Hans Raj Model School (also called HRMS) is a co-educational private school in Punjabi Bagh, New Delhi, India, which provides education to pupils from kindergarten through the 12th grade. The school is located in the suburbs of West Delhi and is spread across 8 acres of green lawns. The kindergarten division is located in a separate 1.5-acre campus designed specifically to cater to the needs of young kids.

In 2009, 2012 and 2016, the school was ranked as one of the trendsetting schools of West Delhi in C-Fore surveys by Hindustan Times.

History
Following along the ideals of the religious and social reformer, Swami Dayanand Saraswati and to impart knowledge in combination with that of the Vedas, the school was founded in the year 1966 by the D.A.V. College Managing Committee in New Delhi. Honouring the principles of Mahatma Hansraj, the school is a part of the 900+ schools and colleges managed by D.A.V. College Managing Committee in India and overseas.

The founder principal of the school was Mr. Tilak Raj Gupta, a renowned educationalist mostly remembered for his innovative scheme of imparting free education to children of various sections of the society in the year 1984 for which he has also conferred the lifetime achievement by the National Progressive Schools’ Conference, India.

Mrs. Heemal Handu Bhat is the current principal of the school.

Vanasthali
Environmental conservation is a part of the school curriculum.
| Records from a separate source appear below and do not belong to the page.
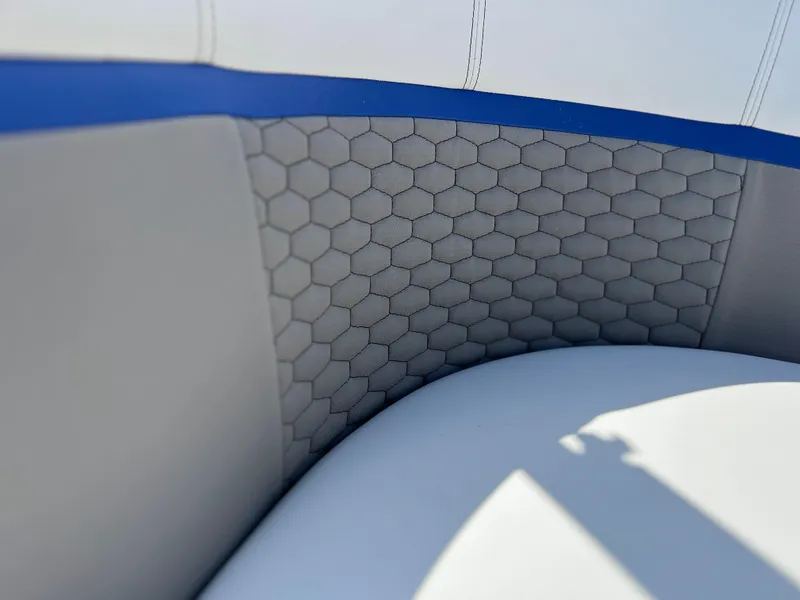 Slide: The Image of 2024 Qwest RLS 818 boat seat with hexagonal pattern upholstery. - 15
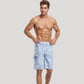 Men's Tropical Print Swim Trunks with Adjustable Drawstring Waist and Cargo Pocket Detail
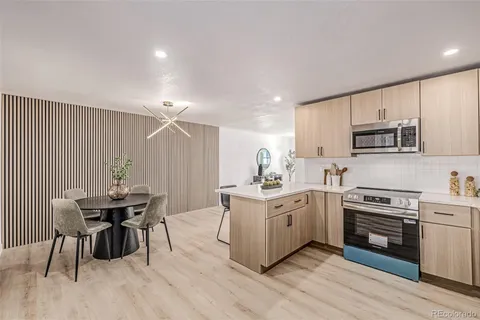 a kitchen with a table chairs stove and cabinets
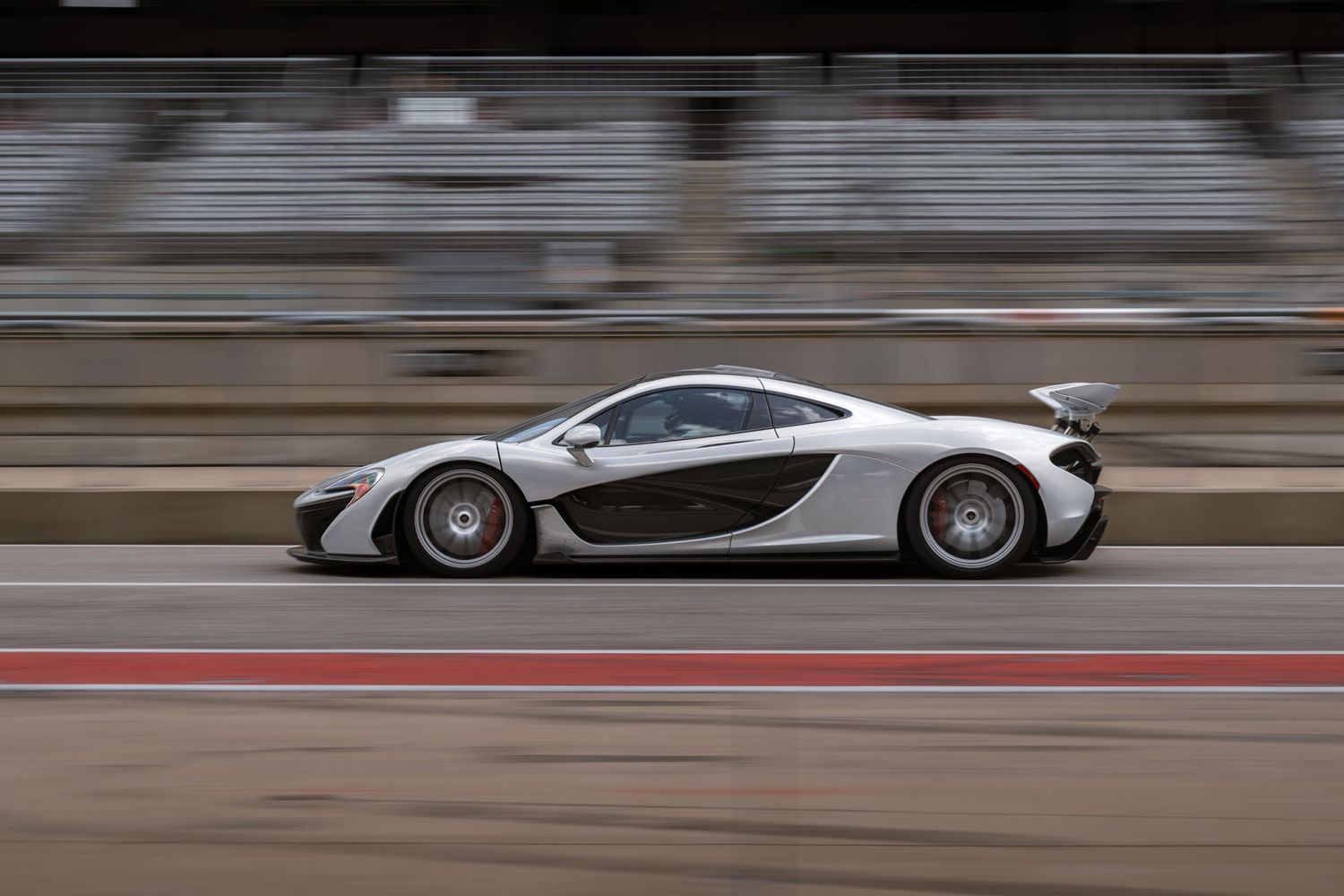 Silver sports car speeding past motion-blurred grandstands on a race track.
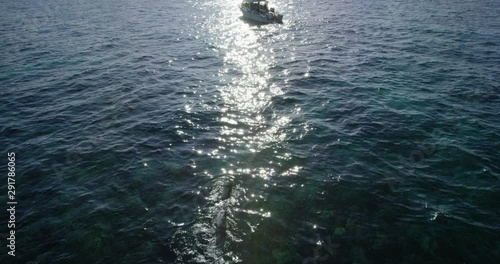 Tilt down aerial, scuba diver swims on ocean surface in slow motion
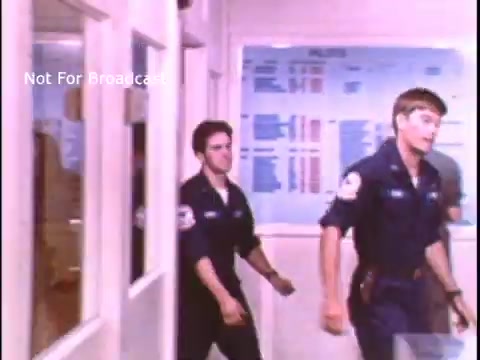 The still shows two young men in US Coast Guard uniforms walking through a corridor. The setting appears institutional, with a bulletin board or charts visible in the background. The overall tone suggests a focus on teamwork and duty typical of a public service announcement from the 1970s.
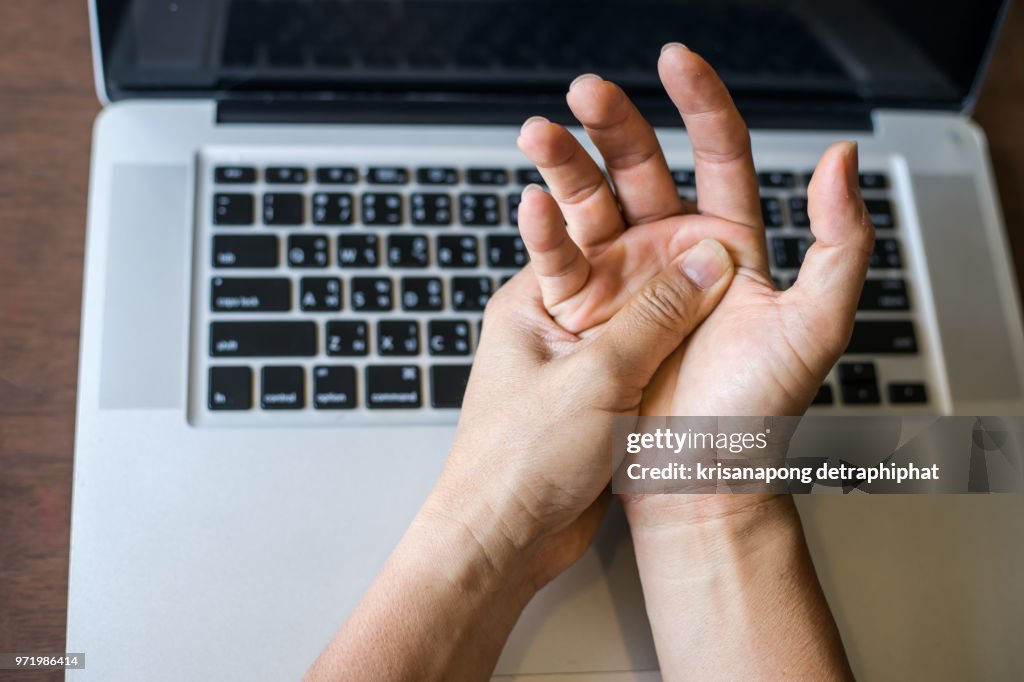 Woman holding her wrist pain from using computer.,Hand pain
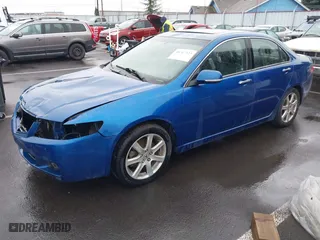 2004 Acura TSX w/Navigation with VIN JH4CL96914C021165, listed as a IAAI auction lot 41767323 with 144,071 mi miles. Bid and sale history available at carsss.com. Image 2.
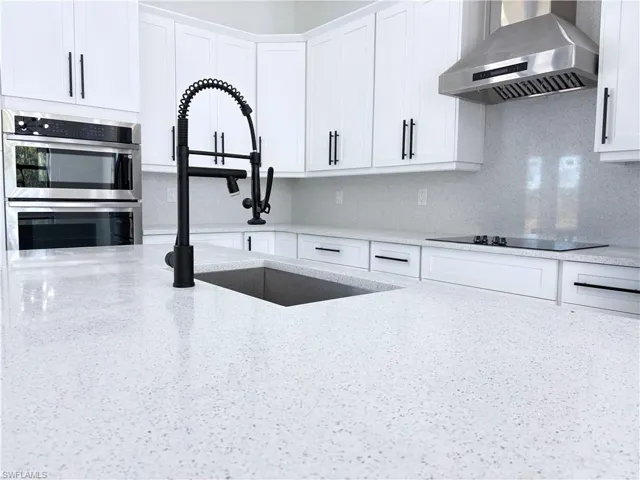 Kitchen with black electric stovetop, wall chimney range hood, white cabinets, and light stone counters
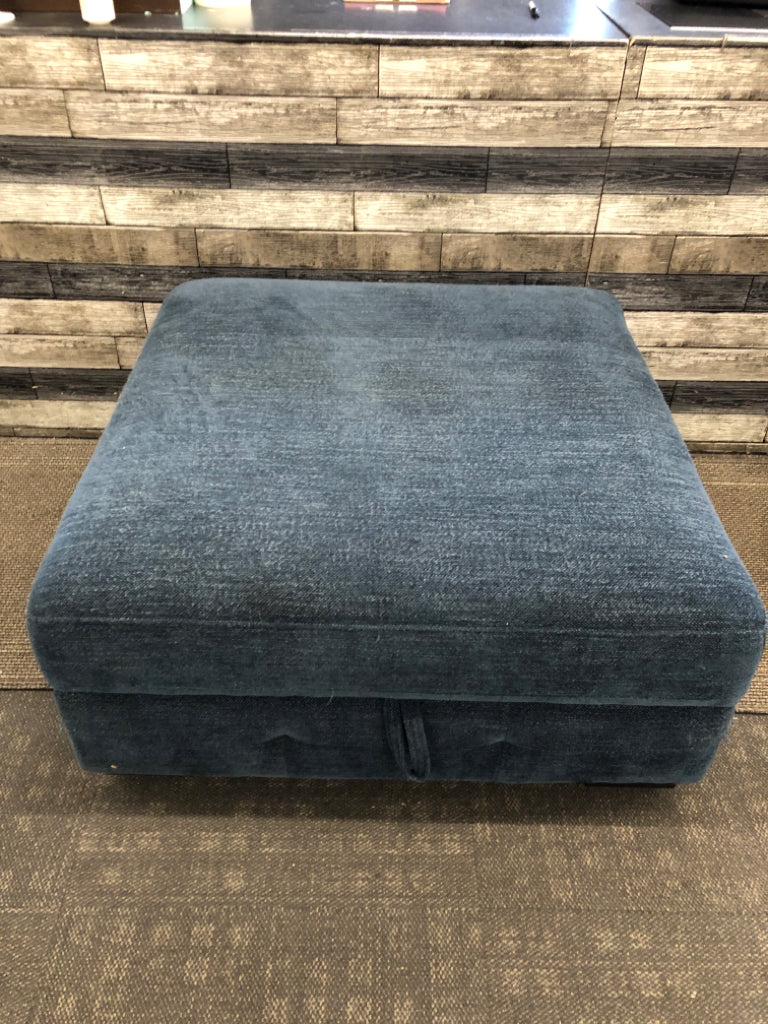 BLUE FABRIC STORAGE OTTOMAN.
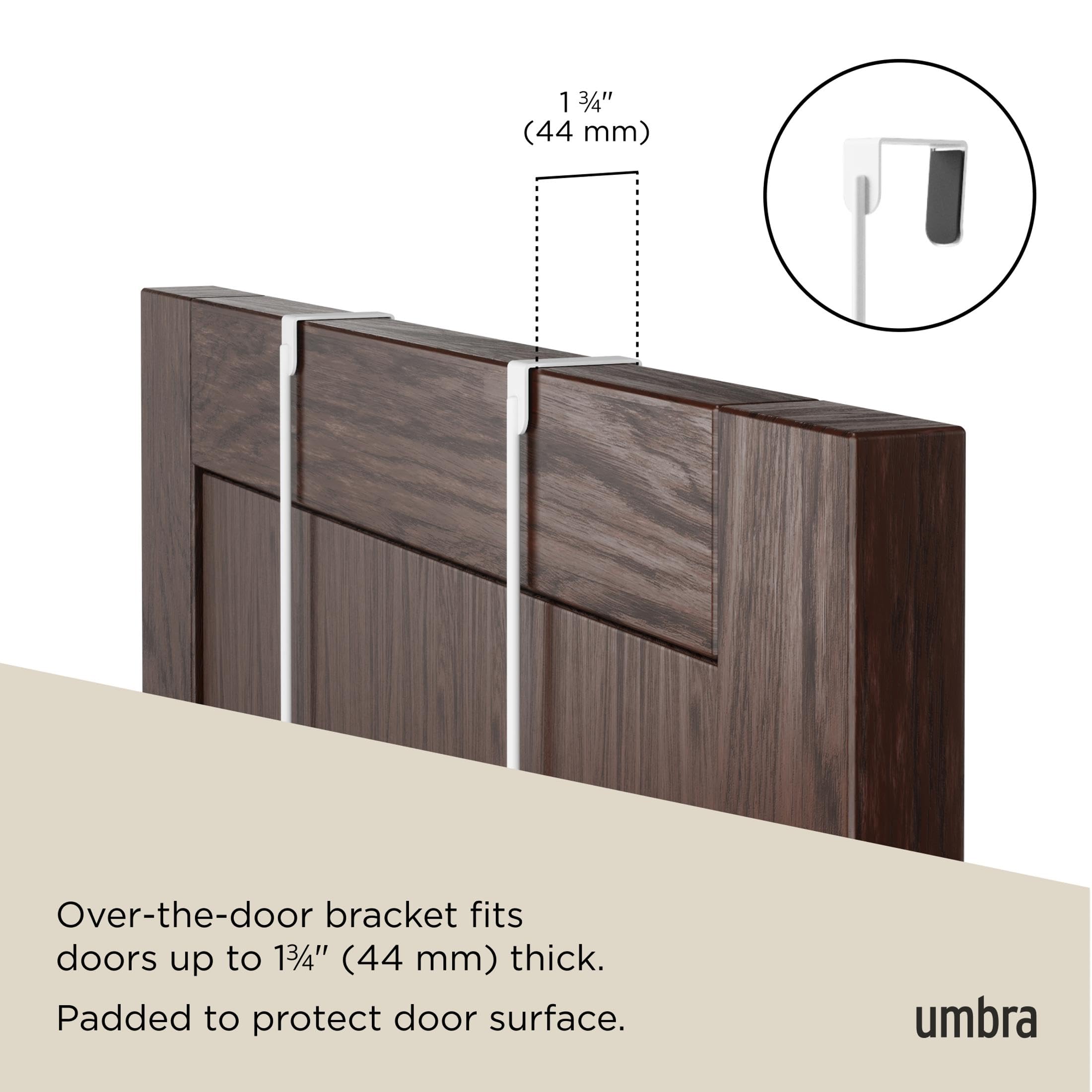 umbra Estique holding coats and bags demonstrating organized entryway benefit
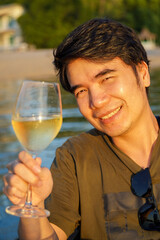 Young Asian man drinking white wine in a boat on a lake in the evening.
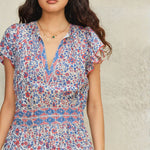 Elevated artisan cotton maxi dress by Mabe Apparel featuring pink and blue summer floral patterns.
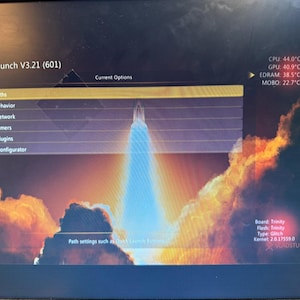 K&ouml;nnte beinhalten: Ein Computermonitor zeigt die DashLaunch V3.21 Softwareoberfl&auml;che mit einem Raketenstart-Hintergrund. Das Men&uuml; listet Paths, Behavior, Network, Timers, Plugins und Configurator auf. Die Systemtemperaturen f&uuml;r CPU, GPU, EDRAM und MOBO sind sichtbar.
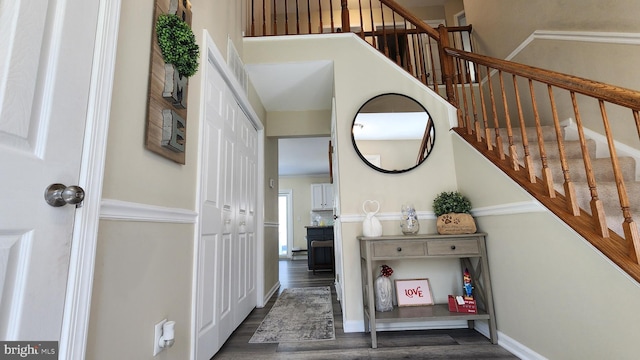 interior space with dark hardwood / wood-style flooring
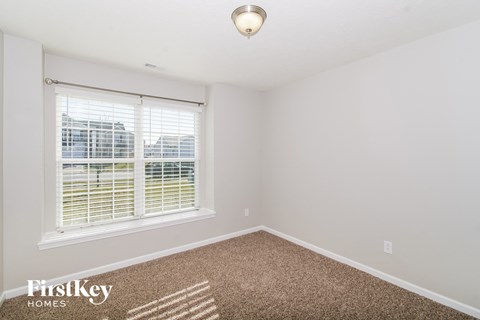 a bedroom with a large window and a carpet
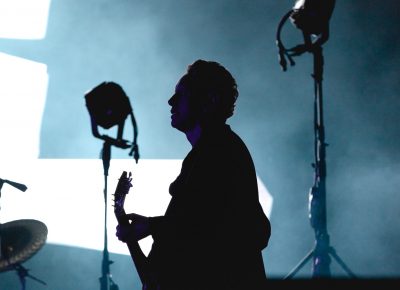 The silhouette of Martin Gore with shining lights from the giant display behind. Photo: Lmsorenson.net
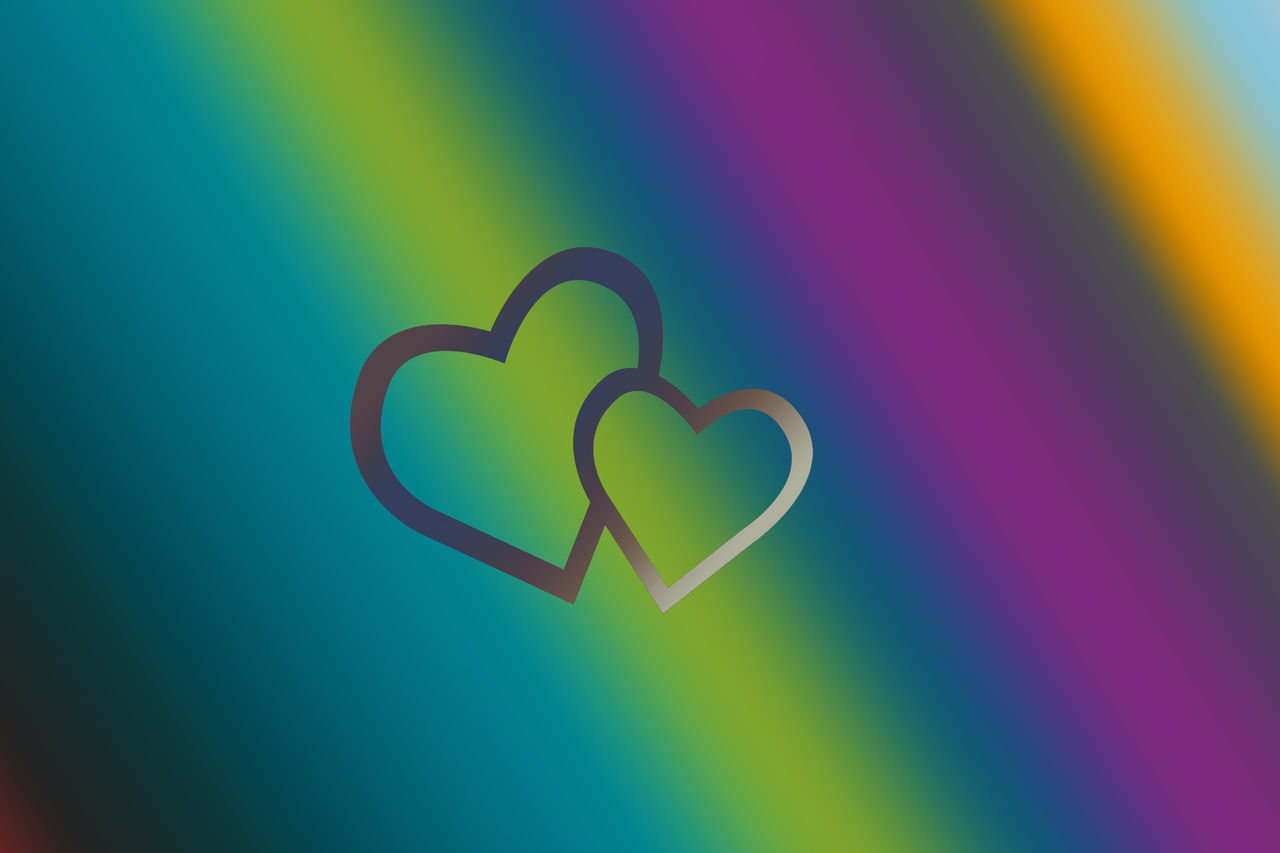 CLOSE-UP OF MULTI COLORED HEART SHAPE MADE OF GREEN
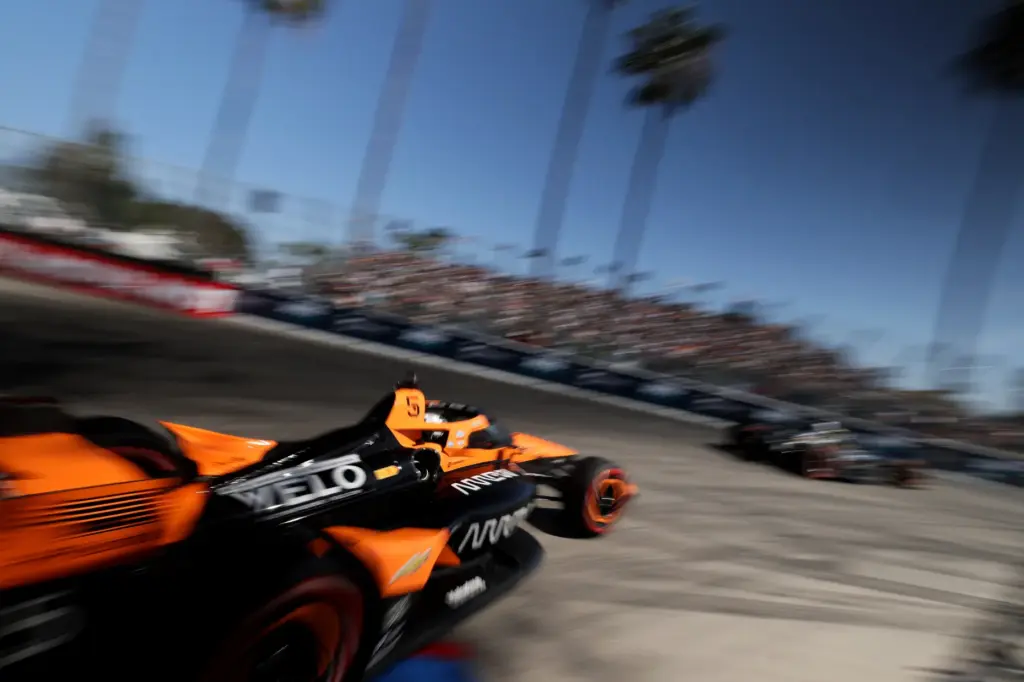 Indycar driver Pato OâWard races, left, races out of turn...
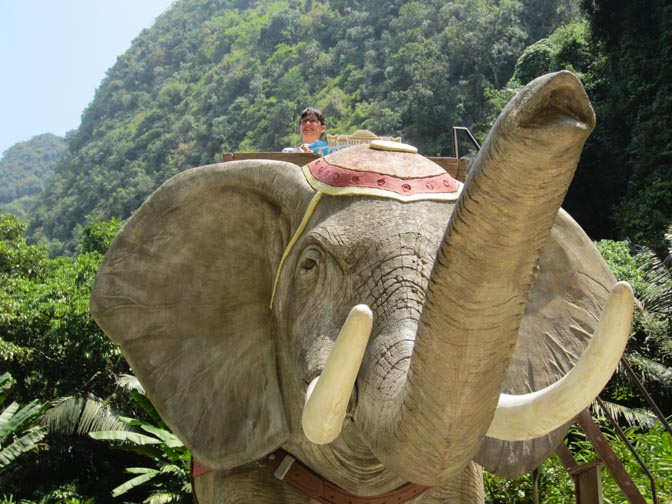 Sara sits on a fake elephant at the Lost World of Tambun in Malaysia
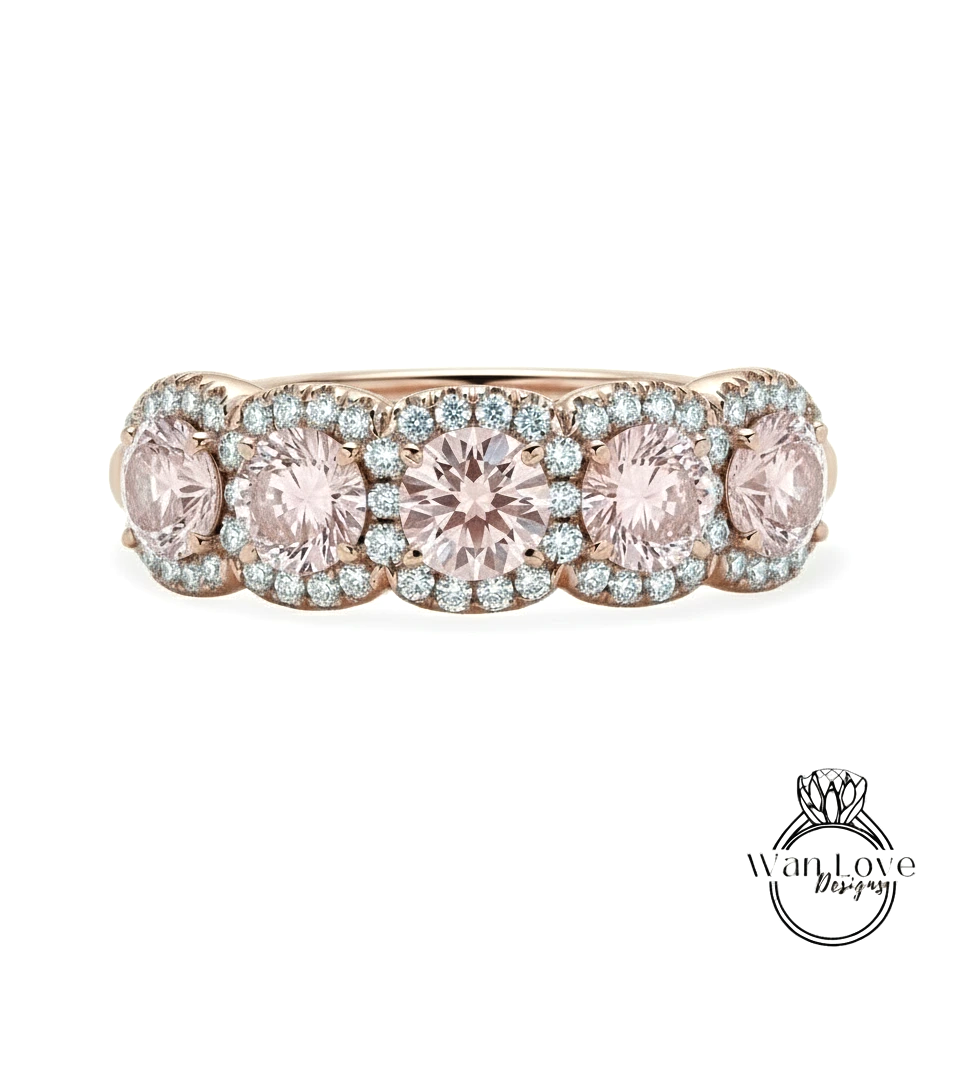 A gold ring with a row of pink gemstones set in the center, surrounded by smaller diamonds.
A  site adjacent to the school has been converted into a children's forest with a garden of Good-Will International in which students and dignitaries have planted around 4000 trees.

Educational approach
Facilities include computer-aided education, audiovisual aids, multimedia systems, L.C.D Projectors. Internet technologies are being included in the classrooms in partnership with 'Classteacher.com'

During the 2020 lockdown due to COVID-19 pandemic in India, the school shut off its offline operations but conducted a virtual investiture ceremony of the prefectorial board of the 2020-21 batch.

Extra curricular

Sports Academy
There is a skating rink, cricket and football ground, tennis grounds, gymnasium, taekwondo rink, junior and senior department basketball courts aside from a swimming pool. There are evening classes for the sports academy. The students of the school have achieved significant positions in sports including table tennis, lawn tennis, skating, cricket, basketball, gymnastics, handball, golf, etc.

Hobbies and activities
In 2020, the school engaged in the Fit India Movement launched by PM Narendra Modi by observing a week-long program curated with yoga, traditional Indian games and sessions on maintaining a healthy lifestyle.

Controversy
A 16-year-old boy, Ankit, died after taking a plunge into a swimming pool in a Punjabi Bagh club in West Delhi on Tuesday, June 11, 2003. Apparently, there were four life guards and a supervisor present around the pool when Ankit drowned.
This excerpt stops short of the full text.